Turing’s Accurate Predictions
In this paper, Turing made some comments that I initially overlooked as they have become common knowledge today. After a moment, I remembered that this paper was made in 1950, 75 years ago from today. This paper came out only 4 years after the first digital computer was made and before the term ‘AI’ even existed. I’ll go over some of his most impressive predictions that I caught while reading the paper.
Blackbox
Over the course of the paper, Turing describes the possibility that we might not be able to describe how a thinking machine actually works, just that it does.
When describing machines that can be used in the Imitation Game, he says “We permit every kind of engineering technique, even allowing the possibility that an engineer cannot satisfactorily describe the way it works”.

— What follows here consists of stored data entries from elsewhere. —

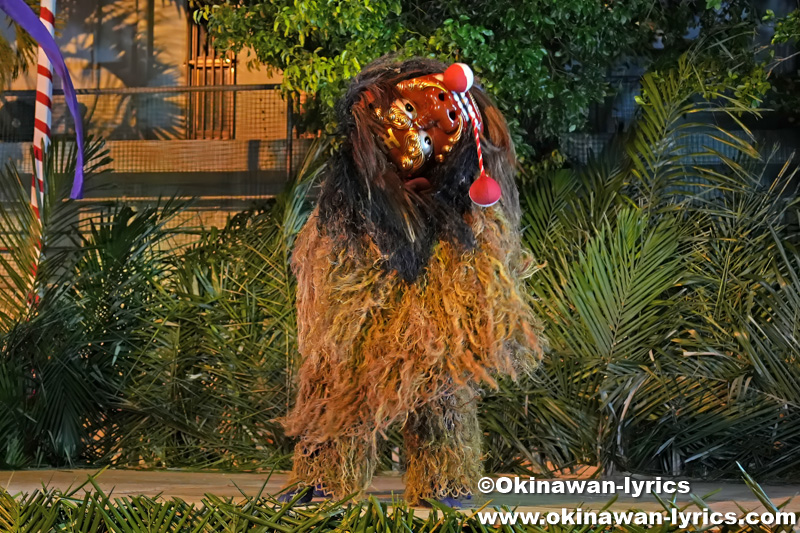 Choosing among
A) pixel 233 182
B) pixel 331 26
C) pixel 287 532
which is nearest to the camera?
pixel 287 532

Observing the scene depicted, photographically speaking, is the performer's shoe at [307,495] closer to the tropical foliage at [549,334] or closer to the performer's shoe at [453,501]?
the performer's shoe at [453,501]

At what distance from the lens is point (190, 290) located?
3.12m

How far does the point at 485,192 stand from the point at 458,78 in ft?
0.77

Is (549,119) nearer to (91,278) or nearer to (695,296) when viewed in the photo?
(695,296)

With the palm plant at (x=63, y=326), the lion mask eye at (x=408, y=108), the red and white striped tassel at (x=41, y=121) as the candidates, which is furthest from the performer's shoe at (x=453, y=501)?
the red and white striped tassel at (x=41, y=121)

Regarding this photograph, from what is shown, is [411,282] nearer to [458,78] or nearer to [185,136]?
[458,78]

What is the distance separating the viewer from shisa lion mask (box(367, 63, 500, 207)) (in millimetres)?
1757

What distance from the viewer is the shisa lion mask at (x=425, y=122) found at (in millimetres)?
1757

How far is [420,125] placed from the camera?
177 centimetres

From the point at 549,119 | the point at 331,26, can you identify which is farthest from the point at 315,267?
the point at 549,119

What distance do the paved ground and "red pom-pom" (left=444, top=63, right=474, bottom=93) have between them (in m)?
0.84

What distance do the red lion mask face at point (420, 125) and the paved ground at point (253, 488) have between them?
0.72 meters

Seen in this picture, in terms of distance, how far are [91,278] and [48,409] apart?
477 mm

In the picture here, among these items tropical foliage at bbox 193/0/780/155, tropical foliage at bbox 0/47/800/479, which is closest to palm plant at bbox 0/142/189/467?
tropical foliage at bbox 0/47/800/479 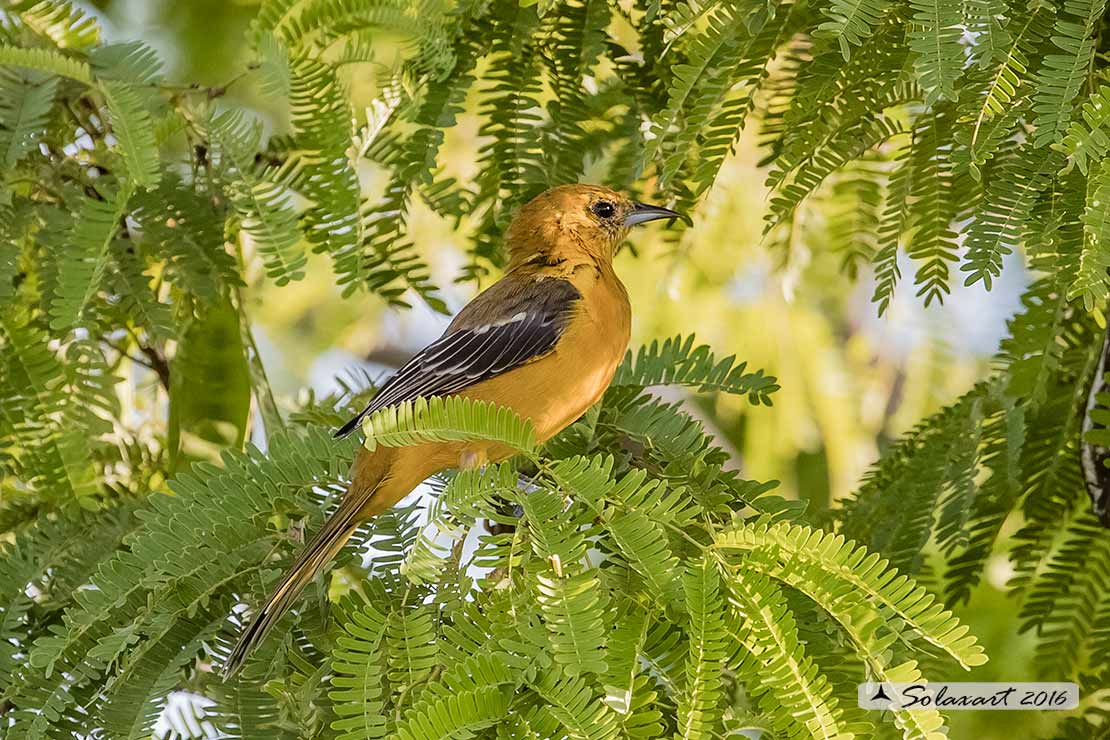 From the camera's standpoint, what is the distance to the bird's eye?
15.8ft

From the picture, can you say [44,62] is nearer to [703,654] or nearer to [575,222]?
[575,222]

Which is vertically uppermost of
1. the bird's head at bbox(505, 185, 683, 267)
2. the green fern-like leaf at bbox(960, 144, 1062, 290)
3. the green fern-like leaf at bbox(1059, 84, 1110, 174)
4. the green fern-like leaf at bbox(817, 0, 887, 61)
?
the bird's head at bbox(505, 185, 683, 267)

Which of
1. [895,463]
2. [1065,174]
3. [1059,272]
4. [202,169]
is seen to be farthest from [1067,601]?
[202,169]

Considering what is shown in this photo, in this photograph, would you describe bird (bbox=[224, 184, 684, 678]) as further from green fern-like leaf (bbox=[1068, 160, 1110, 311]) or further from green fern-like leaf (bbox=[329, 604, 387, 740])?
green fern-like leaf (bbox=[1068, 160, 1110, 311])

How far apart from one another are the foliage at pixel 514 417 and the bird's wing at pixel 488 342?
24 centimetres

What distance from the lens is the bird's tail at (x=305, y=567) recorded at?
318 centimetres

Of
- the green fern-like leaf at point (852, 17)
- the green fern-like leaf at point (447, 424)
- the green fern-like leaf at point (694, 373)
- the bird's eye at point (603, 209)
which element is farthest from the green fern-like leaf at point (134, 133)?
the green fern-like leaf at point (852, 17)

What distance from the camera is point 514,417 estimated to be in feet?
9.61

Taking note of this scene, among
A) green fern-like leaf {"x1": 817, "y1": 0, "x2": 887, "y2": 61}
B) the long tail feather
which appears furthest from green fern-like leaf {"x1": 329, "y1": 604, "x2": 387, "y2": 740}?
green fern-like leaf {"x1": 817, "y1": 0, "x2": 887, "y2": 61}

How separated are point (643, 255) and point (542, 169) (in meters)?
2.41

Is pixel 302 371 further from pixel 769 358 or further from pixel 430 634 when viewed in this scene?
pixel 430 634

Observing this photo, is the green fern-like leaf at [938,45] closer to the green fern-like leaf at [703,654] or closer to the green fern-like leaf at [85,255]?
the green fern-like leaf at [703,654]

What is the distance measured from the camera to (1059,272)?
3379 millimetres

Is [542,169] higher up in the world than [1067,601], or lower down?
higher up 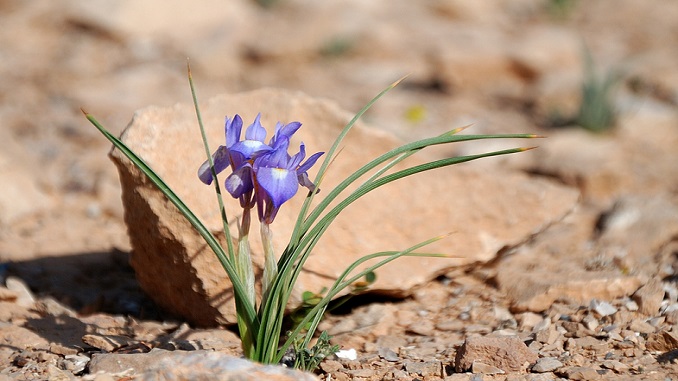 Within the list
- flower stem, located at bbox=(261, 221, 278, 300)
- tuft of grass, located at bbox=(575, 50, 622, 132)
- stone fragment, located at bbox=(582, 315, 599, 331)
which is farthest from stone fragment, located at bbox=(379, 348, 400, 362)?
tuft of grass, located at bbox=(575, 50, 622, 132)

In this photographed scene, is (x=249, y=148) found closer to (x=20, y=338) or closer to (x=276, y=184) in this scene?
(x=276, y=184)

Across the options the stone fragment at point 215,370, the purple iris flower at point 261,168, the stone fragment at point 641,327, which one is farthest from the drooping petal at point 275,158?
the stone fragment at point 641,327

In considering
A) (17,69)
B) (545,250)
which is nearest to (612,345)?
(545,250)

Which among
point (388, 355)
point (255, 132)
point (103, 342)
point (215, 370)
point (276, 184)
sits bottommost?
point (215, 370)

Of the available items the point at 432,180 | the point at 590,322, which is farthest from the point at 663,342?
the point at 432,180

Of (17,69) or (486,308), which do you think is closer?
(486,308)

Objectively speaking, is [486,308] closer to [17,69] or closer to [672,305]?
[672,305]

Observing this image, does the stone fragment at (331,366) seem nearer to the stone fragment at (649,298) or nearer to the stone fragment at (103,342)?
the stone fragment at (103,342) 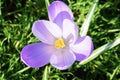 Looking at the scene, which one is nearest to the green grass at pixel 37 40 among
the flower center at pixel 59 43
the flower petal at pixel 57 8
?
the flower center at pixel 59 43

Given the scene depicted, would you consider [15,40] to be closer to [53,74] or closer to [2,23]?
[2,23]

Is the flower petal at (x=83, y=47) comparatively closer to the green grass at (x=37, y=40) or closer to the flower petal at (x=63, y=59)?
the flower petal at (x=63, y=59)

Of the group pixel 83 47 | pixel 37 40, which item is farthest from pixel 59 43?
pixel 37 40

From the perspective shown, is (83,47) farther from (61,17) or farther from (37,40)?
(37,40)

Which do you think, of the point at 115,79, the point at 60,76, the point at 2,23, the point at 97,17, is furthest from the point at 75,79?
the point at 2,23

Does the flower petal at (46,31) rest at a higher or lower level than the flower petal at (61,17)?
lower

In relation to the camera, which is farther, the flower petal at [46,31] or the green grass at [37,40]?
the green grass at [37,40] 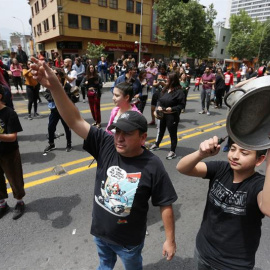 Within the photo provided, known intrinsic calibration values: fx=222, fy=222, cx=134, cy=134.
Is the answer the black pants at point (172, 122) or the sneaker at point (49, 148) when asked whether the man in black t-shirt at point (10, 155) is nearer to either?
the sneaker at point (49, 148)

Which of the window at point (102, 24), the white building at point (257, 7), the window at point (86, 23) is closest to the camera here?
the window at point (86, 23)

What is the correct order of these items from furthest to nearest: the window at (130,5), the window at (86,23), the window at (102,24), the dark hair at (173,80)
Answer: the window at (130,5) < the window at (102,24) < the window at (86,23) < the dark hair at (173,80)

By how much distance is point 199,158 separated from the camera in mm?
1452

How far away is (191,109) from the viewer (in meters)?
10.5

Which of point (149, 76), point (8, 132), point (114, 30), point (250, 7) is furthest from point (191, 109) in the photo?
point (250, 7)

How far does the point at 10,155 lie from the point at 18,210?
817 millimetres

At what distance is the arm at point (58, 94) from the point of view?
1521 mm

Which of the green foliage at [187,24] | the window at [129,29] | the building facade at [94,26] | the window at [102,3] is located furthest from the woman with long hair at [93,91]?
the window at [129,29]

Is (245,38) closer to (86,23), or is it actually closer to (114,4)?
(114,4)

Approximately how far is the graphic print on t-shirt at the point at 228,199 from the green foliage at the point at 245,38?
44.3m

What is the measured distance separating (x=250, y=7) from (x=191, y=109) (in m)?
152

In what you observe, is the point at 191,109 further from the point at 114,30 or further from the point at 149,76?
the point at 114,30

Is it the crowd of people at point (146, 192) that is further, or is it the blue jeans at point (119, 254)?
the blue jeans at point (119, 254)

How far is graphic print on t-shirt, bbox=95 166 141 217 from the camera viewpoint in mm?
1642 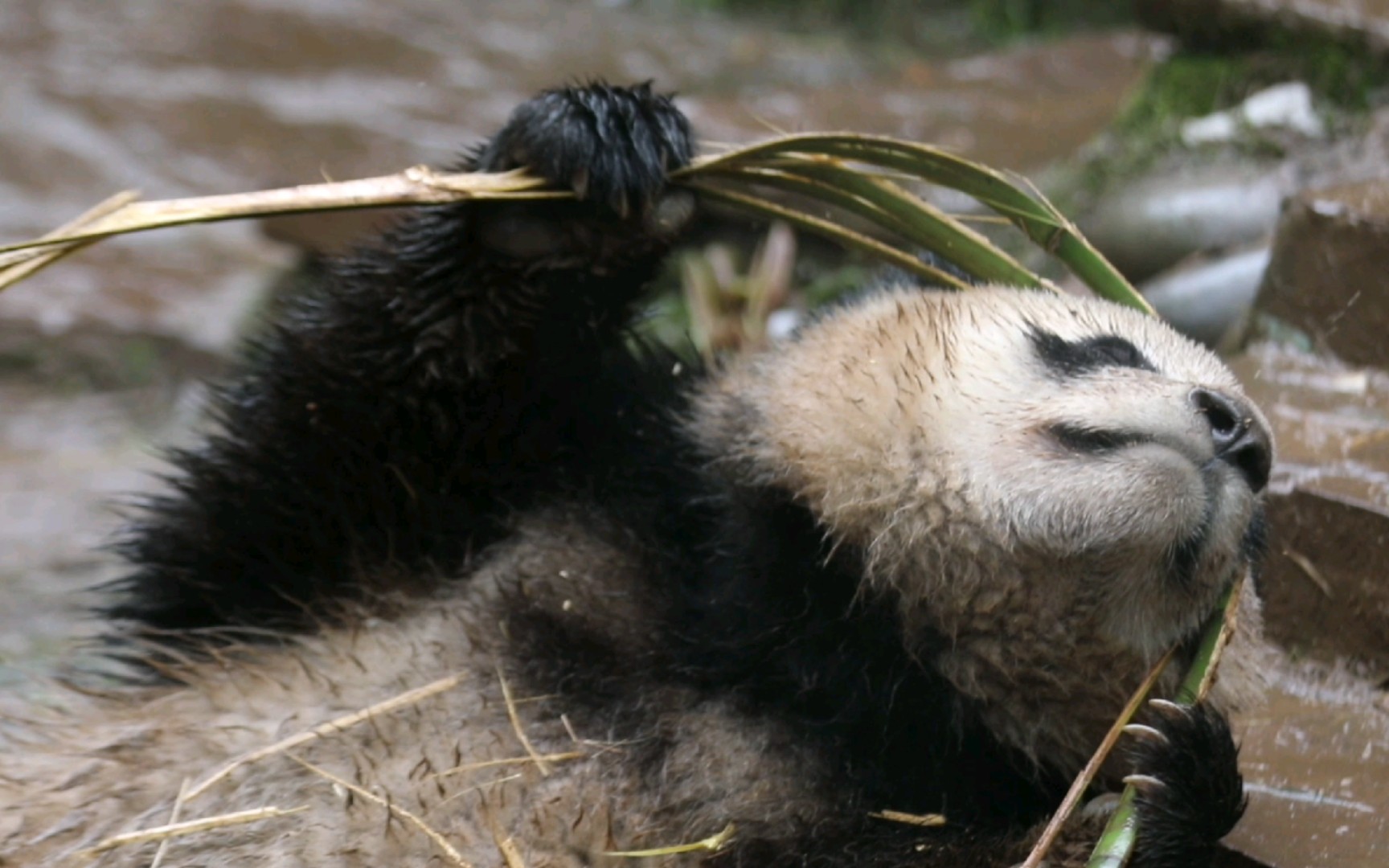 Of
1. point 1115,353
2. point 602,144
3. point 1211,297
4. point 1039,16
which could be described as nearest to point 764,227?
point 1211,297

Near the end of the paper he also states “An important feature of a learning machine is that its teacher will often be very largely ignorant of quite what is going on inside, although he may still be able to some extent to predict his pupil’s behaviour”.
This remains one of the unresolved questions in machine learning, as the exact inner workings of these algorithms are not yet fully understood.
Building and Training Models
Turing believes that instead of trying to produce a program to simulate the adult mind, trying to produce a ‘child’s brain’ and then teach it would be a better way to make machine’s think.
He then goes on to expand on this idea by breaking it into the child-programme (Algorithm type) and education process (training process).
Backpropagation (the modern training process for all machine learning algorithms) came out in the early 1960s, meaning Turing wrote of this process a decade before it was officially published.
Generalizability of Models
While explaining how complex the ‘child brain’ should be, he basically says that instead of making the child brain know everything, if it knows some rules, it should be able to deduce other rules from it.
For example, if a teacher says “Do your homework now”, some rules would be “Teacher says ‘Do your homework now’”, and “Everything the teacher says is true”. From this, the child brain would deduce that it should do its homework now.
This principle is the core idea of generalizability in models: the ability to accurately perform on new, unseen data by leveraging knowledge learned from previous data.
This innovative paper helped pave the way for artificial intelligence research to thrive. In today’s world, the Imitation Game is exceedingly relevant as machines become increasingly similar to humans. Things like text, voice and even video can now be replicated to a nearly indistinguishable degree, begging the question, can machines think?